You never showed us task_pull.R ... And as I readily acknowledge that this
can be tricky, why don't you experiment with simple setting?. Consider this
token littler [1] invocation (or use Rscript if you prefer / have only that):
edd at ron:~> r -e'library(Rmpi); cat("Hello rank",
mpi.comm.rank(0), "size", mpi.comm.size(0), "on",
mpi.get.processor.name(), "\n")'
Hello rank 0 size 1 on ron
edd at ron:~>
So without an outer mpirun (or orterun as the Open MPI group now calls it) we
get one instance. Makes sense.
Now with two hosts defined on the fly, and two instances each:
edd at ron:~> orterun -n 4 -H ron,joe r -e'library(Rmpi);
cat("Hello rank", mpi.comm.rank(0), "size",
mpi.comm.size(0), "on", mpi.get.processor.name(), "\n")'
Hello rank 0 size 4 on ron
Hello rank 2 size 4 on ron
Hello rank 3 size 4 on joe
Hello rank 1 size 4 on joe
edd at ron:~>
Adding '-bynode' and using '-np 4' instead of '-n 4'
does not change anything.
| >From the point of view of getting a job done this ***seems*** OK (it's
running very quickly), but it doesn't seem quite right - given I'm
sharing the machine with other users and so on. Is there something I've
missed in the useage of mpirun with R/Rmpi.

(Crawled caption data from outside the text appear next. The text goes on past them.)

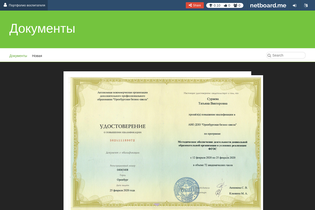 Interactive Learning Pages | netboard.me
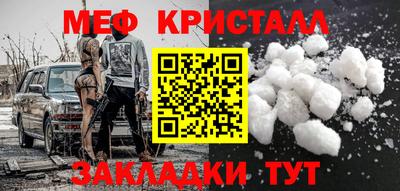 мет Можга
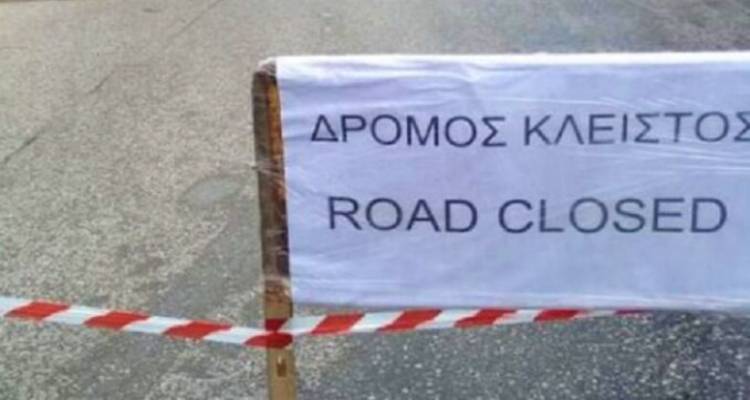 Προσωρινή διακοπή κυκλοφορίας στη Μύρινα την Τρίτη 11 Νοεμβρίου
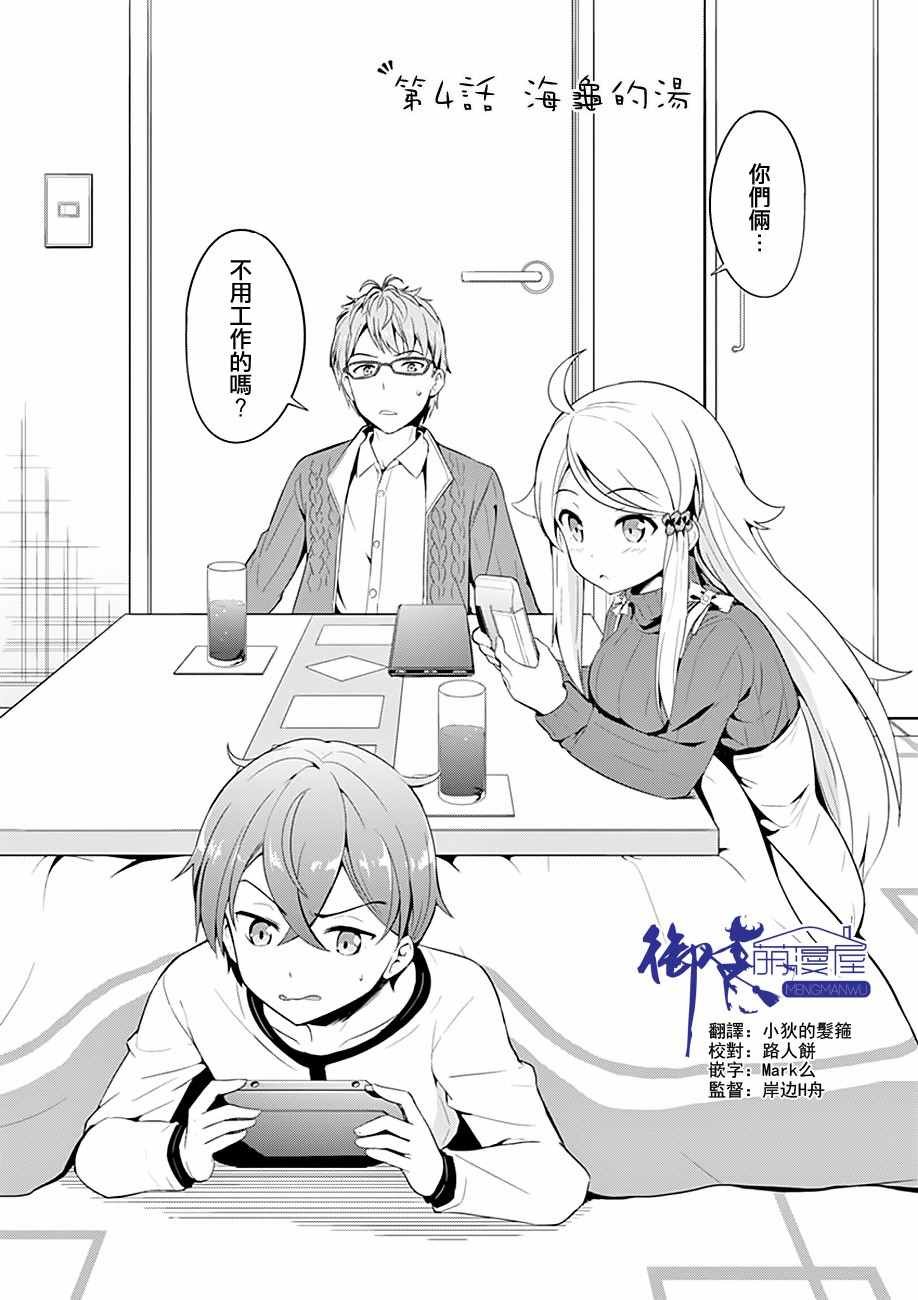 第4话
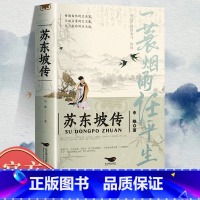 苏东坡传 [正版]苏东坡传 一蓑烟雨任平生 苏东坡集苏轼李白杜甫传文学国学历史名人物传记申维著林语堂盛赞中国传记文学经典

I cannot quite determine from what you said here what your objective is.
What exactly are you trying to do that you are not getting done? Using fewer
instances? Maybe that is in fact an Open MPI 1.2.* versus 1.1.* issue.
One thing to note is that if you wrap all this in the excellent snow packache
by Tierney et al, then Open MPI's '-n' can always be one as
determine from
_within_ how many nodes you want:
edd at ron:~> orterun -bynode -np 1 -H ron,joe r -e'library(snow); cl
<- makeCluster(4, "MPI"); res <- clusterCall(cl, function()
Sys.info()["nodename"]); print(do.call(rbind, res))'
Loading required package: utils
Loading required package: Rmpi
4 slaves are spawned successfully. 0 failed.
nodename
[1,] "joe"
[2,] "ron"
[3,] "joe"
[4,] "ron"
edd at ron:~>
Note the outer '-n 1' and the inner makeCluster(4, "MPI") to
give you 4
slaves. If you use a larger '-n $N' you will get $N instances each
starting
as many nodes as makeCluster asks for.
Hope this helps, Dirk
[1] Littler can be had via Debian / Ubuntu or from
http://dirk.eddelbuettel.com/code/littler.html
--
Three out of two people have difficulties with fractions.